Taliban bestreiten Verluste
Die Taliban-Regierung weist alle Vorwürfe entschieden zurück. Ein Sprecher erklärte gegenüber der BBC, man nehme die Lagerung und Sicherung von Waffen „sehr ernst“ und dementiere jegliche Verluste oder Schmuggel.
Jedoch zeigen UN-Berichte, dass lokale Kommandeure bis zu 20 % der US-Waffen behalten durften – eine Praxis, die laut Beobachtern einen florierenden Schwarzmarkt ermöglicht habe. In Regionen wie Kandahar sei der Waffenhandel laut BBC-Quellen inzwischen über verschlüsselte Chatdienste wie WhatsApp organisiert.
Kritik an US-Tracking und Versäumnissen
Der US-Sonderinspektor für den Wiederaufbau Afghanistans (SIGAR) kritisierte in mehreren Berichten die mangelhafte Nachverfolgung der gelieferten Ausrüstung:
- Datenlücken zwischen verschiedenen Behörden
- keine einheitliche Erfassung
- Unzureichende Koordination beim Rückzug
Auch das US-Außenministerium habe laut SIGAR „unzureichende, ungenaue und verspätete Informationen“ geliefert – was vom Ministerium jedoch bestritten wird.
Trump fordert Rückgabe – Umsetzung unklar
US-Präsident Donald Trump hat öffentlich erklärt, er wolle die in Afghanistan verbliebenen Waffen zurückholen – notfalls auch durch Zahlung. Er bezifferte den „verlorenen Wert“ auf 85 Milliarden Dollar. Experten halten diesen Betrag für überzogen, da er auch Ausbildung und Soldzahlungen umfasst.
Der frühere SIGAR-Chef John Sopko bezeichnete eine Rückführung der Waffen als wirtschaftlich unsinnig – der Aufwand übersteige den Nutzen.
Militärische Konsequenzen
Die Taliban haben ihre militärische Stärke deutlich ausgebaut:
- US-Waffen werden regelmäßig bei Paraden zur Schau gestellt – z. B. auf dem früheren US-Stützpunkt Bagram.
- Kleinwaffen und Fahrzeuge wie Humvees werden aktiv genutzt.
- Komplexere Systeme wie Black-Hawk-Helikopter bleiben jedoch aufgrund fehlender Ausbildung weitgehend unbrauchbar.

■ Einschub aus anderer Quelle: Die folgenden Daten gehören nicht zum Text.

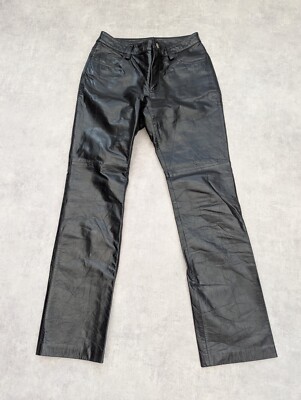 GAP Hose Damen UK 8 L30 Leder Bootcut Bikerhose 00s Y2K Vintage Jeans US 4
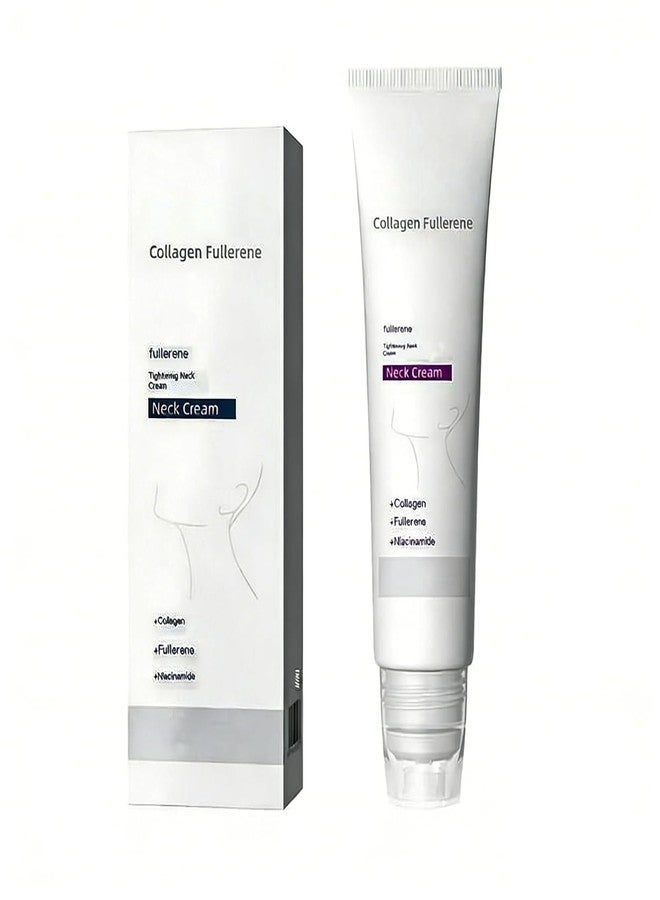 MQN Collagen Fullerene Neck Cream, Tighten And Lift Firming Neck Cream For Skin, Collagen Neck Cream with Five Rollers - Image 1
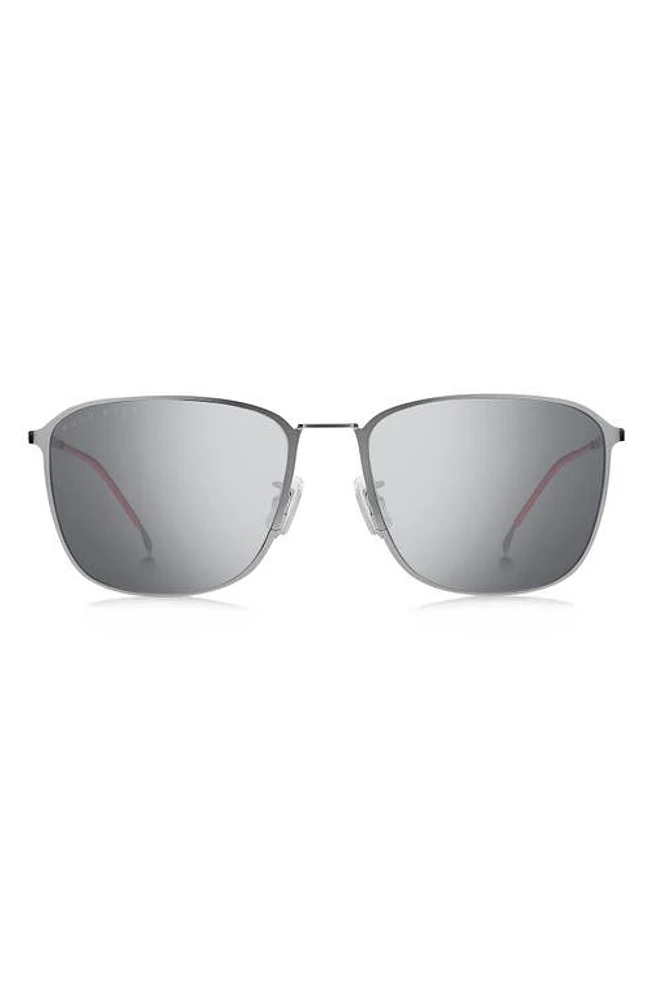 BOSS 59mm Polarized Aviator Sunglasses in Matte Ruthenium at Nordstrom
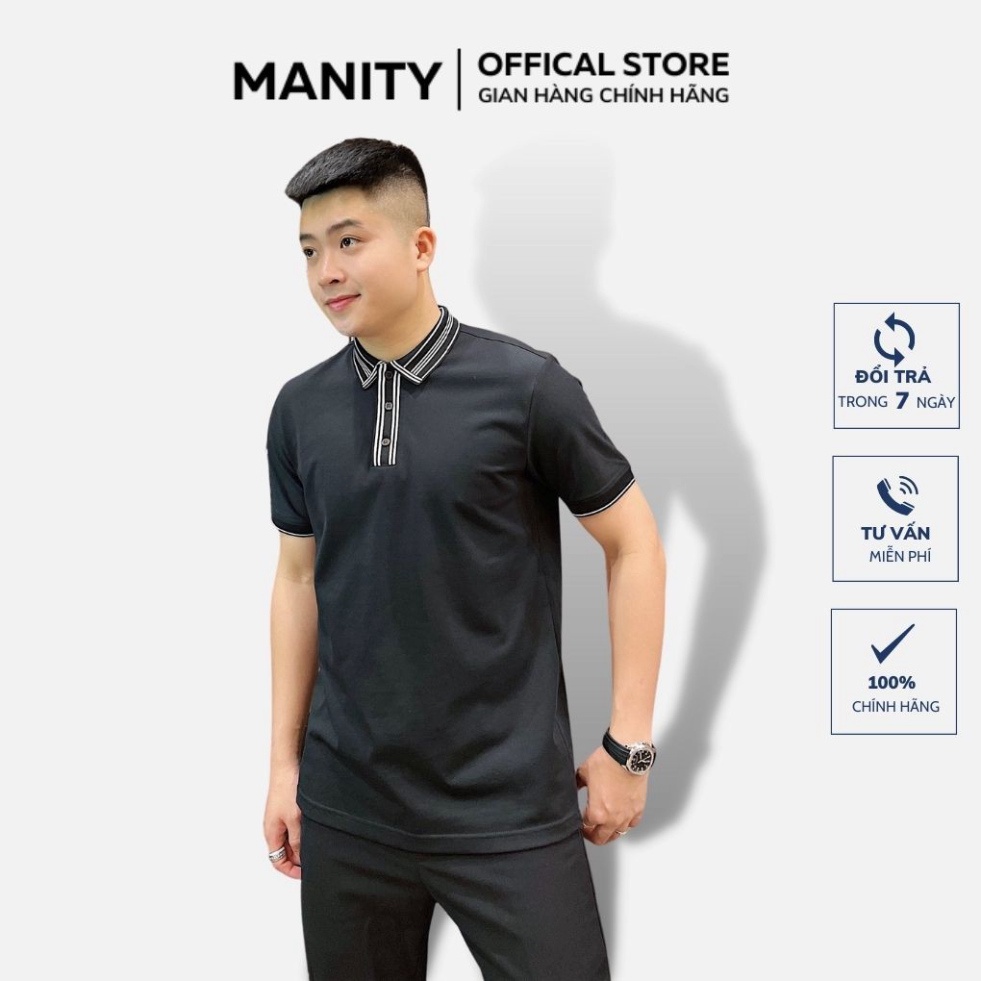 Áo Polo nam vải cá sấu cao cấp, áo thun nam cổ bẻ phối cổ 2 màu sang trọng MANITY - PLM001 - Hàng mới về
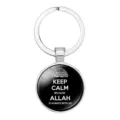 Porte-clés argenté avec texte religieux inspirant sur fond noir dans un cabochon en verre - Style de Citation Anglaise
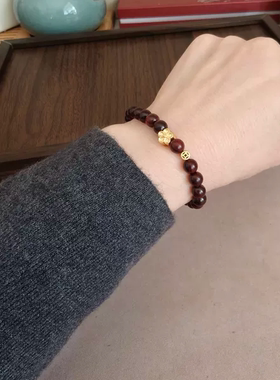 天然印度小叶紫檀木沙金钱扣花朵单圈手串手链男女有钱花财源广进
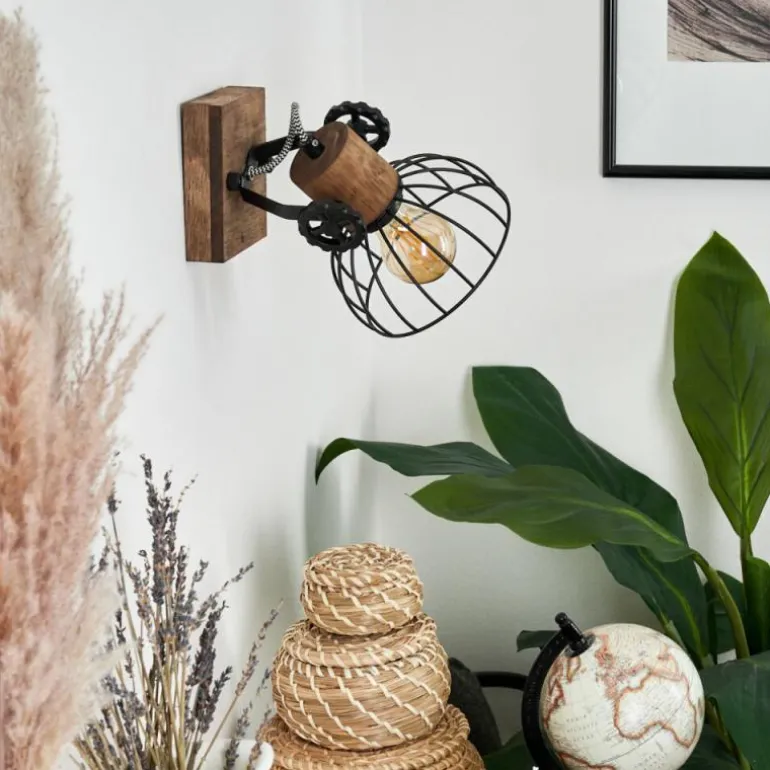 Applique murale Orny Bois foncé, Noir, 1 lumière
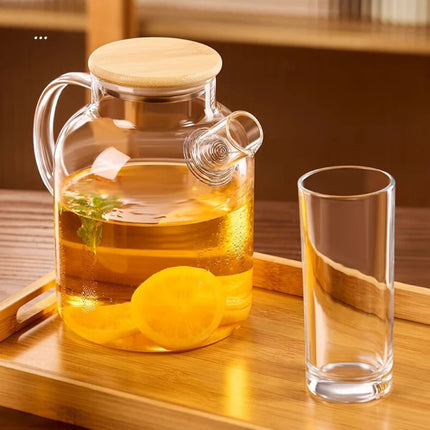 GIANXI 1000ML Transparent Glass Elegant Water Jugs With Wooden Cover Kitchen Coffee Pot Coffeeware Teaware Beverage Dispenser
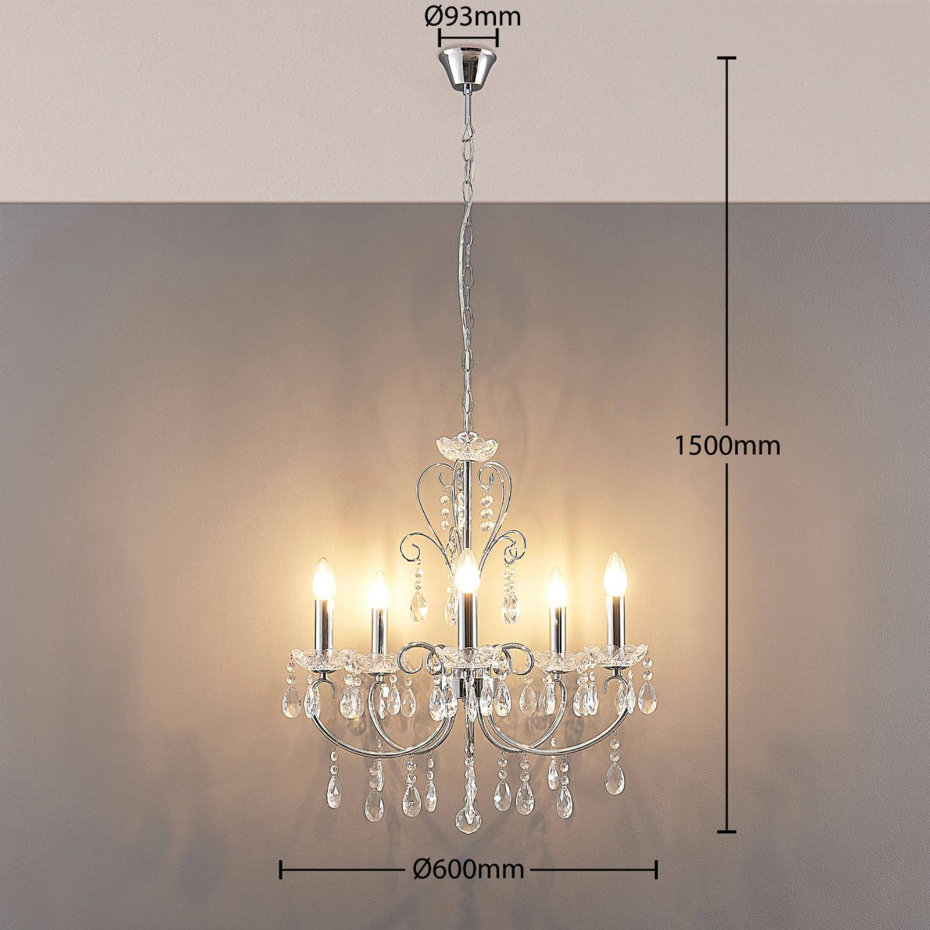 Lustre en cristal en métal, Solveig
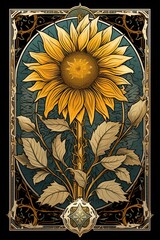 Obraz premium Historical Floral Patterns Showcasing Ancient Flowers in a Garden-Themed Artwork with a Focus on Divine Fortune-Telling and Spiritual Blossom Representations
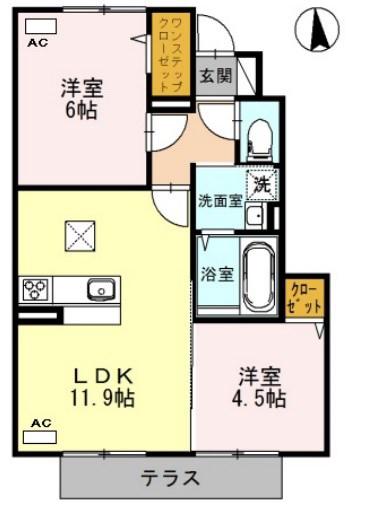 エコールKII(2LDK/1階)の間取り写真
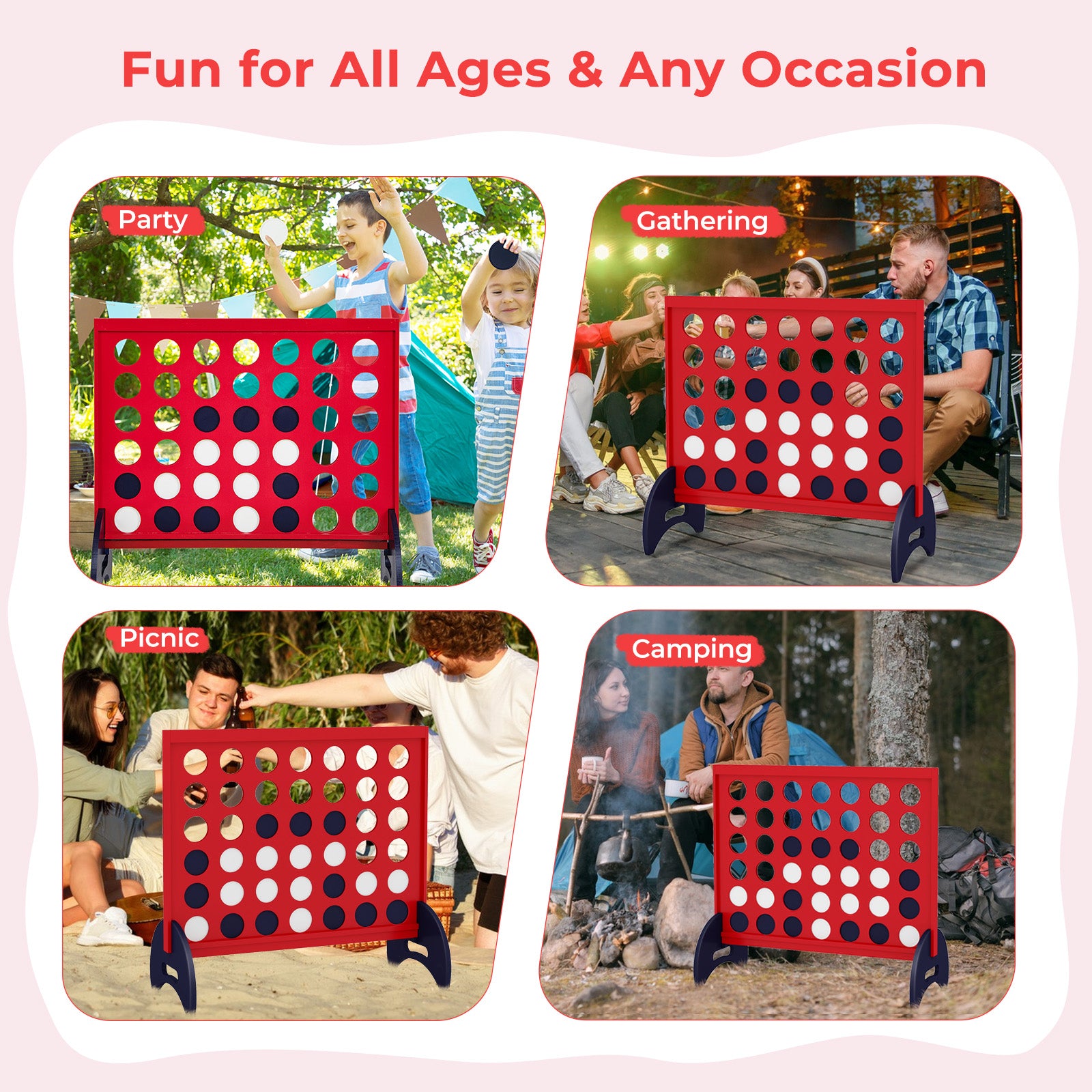 Wooden 4-in-a-row Game Set with 42 PCS Chips and 600D Oxford Fabric Carrying Bag, Red Lawn Games at Gallery Canada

Die Waffenbestände stärken die Taliban im Kampf gegen Rivalen wie den Nationalen Widerstand (NRF) oder den Islamischen Staat in der Provinz Khorasan (ISKP).
Fazit
Die unkontrollierte Verbreitung von US-Waffen aus Afghanistan stellt eine ernsthafte Gefahr für die regionale Sicherheit und Stabilität dar. Die internationalen Bemühungen zur Eindämmung der Weitergabe an Terrorgruppen laufen bislang ins Leere. Ob die USA unter Präsident Trump tatsächlich versuchen werden, Waffen zurückzuholen, ist offen – doch die Zeit arbeitet gegen eine wirksame Rückverfolgung.